Subs: Stolarczyk, Okoli, Coulibaly, Winks, Buonanotte, Mavididi, McAteer, De Cordova-Reid, Ayew.
Manchester United (3-4-2-1) Onana; De Ligt, Lindelof, Heaven; Mazraoui, Ugarte, Fernandes, Dalot; Garnacho, Eriksen; Højlund.
Subs: Harrison, Mee, Fredricson, Amass, Casemiro, Collyer, Mount, Zirkzee, Obi.
Teams in brief: Leicester unchanged
Ruud keeps faith with the XI that lost only narrowly at Stamford Bridge, so it’s the battle of the back threes.
Teams in brief: Ugarte and Eriksen start
For United, Manuel Ugarte is back from injury to replace Casemiro, who was “very tired”, according to Amorim, after having his best spell of the season. Christian Eriksen comes in for Joshua Zirkzee as the left-sided No 10, and Mason Mount is back on the bench after a long lay-off.
Preamble
Evening everyone and welcome to the last Premier League match of this month. If you’re an addict, you’re about to go cold Tuchel.
Tonight’s game is at 7pm, expertly timed to infuriate the travelling fan and not much better for the season-ticket holder with young children. It’s the fourth Van Nistelrooy derby of the season, but the first at the King Power. United won the other three – 5-2, 3-0, 2-1 – so at least Leicester’s defenders have got better at coping with them. On the third occasion, in the FA Cup, Leicester were beaten only by a header from Harry Maguire that was (a) in Fergie time and (b) blatantly offside.
Ruud van Nistelrooy has been in the technical area for all four of these games, two on each side. Ruben Amorim – whose first act as United manager was to get rid of Ruud – has only faced Leicester in the cup. In the league, both managers have made their teams worse. Amorim has five wins in 17 PL games, Van Nistelrooy two in 15 with Leicester – after being unbeaten in four games in all competitions, and oozing authority, as United’s stopgap manager.
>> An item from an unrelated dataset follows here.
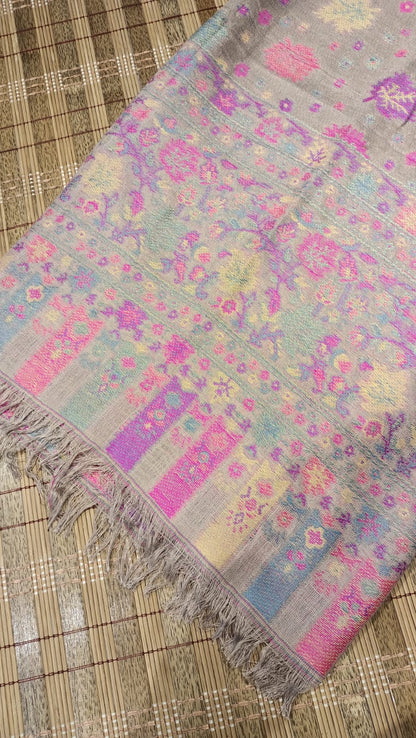 Elegant Kani Pashmina Shawl – Pastel Lilac & Pink Weaves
Entertaining as the United soap opera is, tonight is more about whether Leicester can turn the tide. In their past five league games, it’s been Leicester 0, The Rest 13. They used up far too many goals on 11 January, when they beat QPR 6-2: since then, they haven’t scored at home. Their chances of staying up are 1 per cent according to Opta. The only way it can happen is if they collect 10 more points than Wolves.
Leicester’s next four opponents are Man City, Newcastle, Brighton and Liverpool, so they simply have to win tonight, then beat one of that lot (Newcastle, at a pinch?), hope Wolves get only one point from their next four games (West Ham home, Ipswich away, Spurs home, Man U away), and win the showdown between the two at the King Power on 3 May. That would leave Leicester a mere point adrift with home games against Southampton and Ipswich to come. It may be a faint hope, but it’s the only one they’ve got.